A.     Abraham as he dealt with Lot in regard to the strife between their herdsmen (Gen. 13:8-9).

 

And Abraham said unto Lot, Let there be no strife, I pray thee, between me and thee, and between my herdmen and thy herdmen:  for we be brethren.  Is not the whole land before thee?  Separate thyself, I pray thee, from me:  if thou wilt take the left hand, then I will go to the right:  or if thou depart to the right hand, then I will go to the left.

 

1.       Abraham was the elder and could have demanded his right to choose.

2.       He yielded his rights to the will of Lot.

 

B.     David in his dealings with Mephibosheth (II Sam. 9:6-7)

 

Now when Mephibosheth, the son of Jonathan, the son of Saul, was come unto David, he fell on his face, and did reverence.  And David said, Mephibosheth.  And he answered, Behold thy servant!  And David said unto him, Fear not:  for I will surely show thee kindness for Jonathan thy father’s sake, and will restore thee all the land of Saul thy father!  And thou shalt eat bread at my table continually.

 

1.       Saul had treated David like an enemy.

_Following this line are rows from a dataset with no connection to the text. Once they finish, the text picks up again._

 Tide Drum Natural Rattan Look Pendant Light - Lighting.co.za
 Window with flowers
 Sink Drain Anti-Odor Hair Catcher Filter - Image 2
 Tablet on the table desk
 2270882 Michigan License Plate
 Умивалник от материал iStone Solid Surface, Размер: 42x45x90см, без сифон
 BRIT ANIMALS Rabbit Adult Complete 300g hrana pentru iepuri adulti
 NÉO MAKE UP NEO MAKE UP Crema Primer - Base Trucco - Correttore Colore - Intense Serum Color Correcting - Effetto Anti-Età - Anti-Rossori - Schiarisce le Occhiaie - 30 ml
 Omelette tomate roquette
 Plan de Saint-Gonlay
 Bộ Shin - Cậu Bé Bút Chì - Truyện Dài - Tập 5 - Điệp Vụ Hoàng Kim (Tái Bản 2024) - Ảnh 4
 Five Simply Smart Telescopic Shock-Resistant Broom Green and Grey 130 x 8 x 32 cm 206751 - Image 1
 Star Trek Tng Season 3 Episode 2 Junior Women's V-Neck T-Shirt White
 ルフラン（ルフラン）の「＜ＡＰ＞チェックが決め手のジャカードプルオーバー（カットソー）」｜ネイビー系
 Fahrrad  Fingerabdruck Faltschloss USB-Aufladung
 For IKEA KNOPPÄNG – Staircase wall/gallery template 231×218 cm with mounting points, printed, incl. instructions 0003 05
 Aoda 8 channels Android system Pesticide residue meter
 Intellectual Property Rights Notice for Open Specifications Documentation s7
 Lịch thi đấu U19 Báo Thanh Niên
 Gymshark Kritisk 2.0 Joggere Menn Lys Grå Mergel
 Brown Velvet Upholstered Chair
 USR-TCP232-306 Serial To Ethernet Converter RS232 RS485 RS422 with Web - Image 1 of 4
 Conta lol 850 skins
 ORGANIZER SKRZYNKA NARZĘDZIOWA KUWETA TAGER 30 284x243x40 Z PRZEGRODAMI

2.       When an opposing king died, the family was often killed by the successor to rid the new king of any threat to the throne.

3.       Just allowing Mephibosheth to live was a blessing.  Restoring to him the land of his father and allowing him to eat at the king’s table involved great kindness.

 

III.         THE APPLICATION OF KINDNESS

 

A.     When we think of doing kind things for others, we must understand some basic principles.

1.       Kindness comes from small behaviors most of the time.

a.       “No act of kindness, no matter how small, is wasted” (Aesop).

b.      Example:  Jesus allowing the young children to come to Him (Matt. 19:14; Mark 10:14; Luke 18:16).

2.       Kindness involves deeds that are not part of duty and obligation.

3.       Kindness fulfills the needs of another person.

4.       Kindness desires nothing in return:  no payment, nor recognition, and no thanks.

5.       Kindness operates even in the midst of criticism, sarcasm, and critical judgments of others.

 

B.     Kind actions

1.       A husband unloading the dishwasher for his wife

2.       Making or bringing a person a cup of coffee

3.       Being quiet when someone is sleeping or watching a TV show

4.       Put up post-it notes in different places with little sayings like:  “You are awesome,” or “Have a great day!”

5.       Stop in a stranger’s room at the hospital and wish them well and let them know you are praying for them.

6.       Buy someone lunch

7.       Write a letter or send a card to someone to cheer them up

8.       Kindness-365.org

 

C.     Proverbs 31:26

 

She openeth her mouth with wisdom, and in her tongue is the law of kindness.

 

1.       A smile instead of a frown

2.       A pleasant tone instead of being harsh and negative

3.       Appreciation instead of sarcasm and criticism

 

CONCLUSION

 

A.     You can no more have love without kindness than you can have springtime without flowers.

 

B.     “I shall pass through this world but once.  Any good therefore that I can do, or any kindness that I can show to any human being, let me not defer it or neglect it, for I shall not pass this way again” (Jeremiah, 25).

 

C.     Discuss:  What is the kindest thing a person ever did for you?

1.       Larry Haines buying me a new bike after mine was stolen from my garage in Jacksonville, FL.

2.       Brother Hearn overlooking the fact that I was late to chapel one time.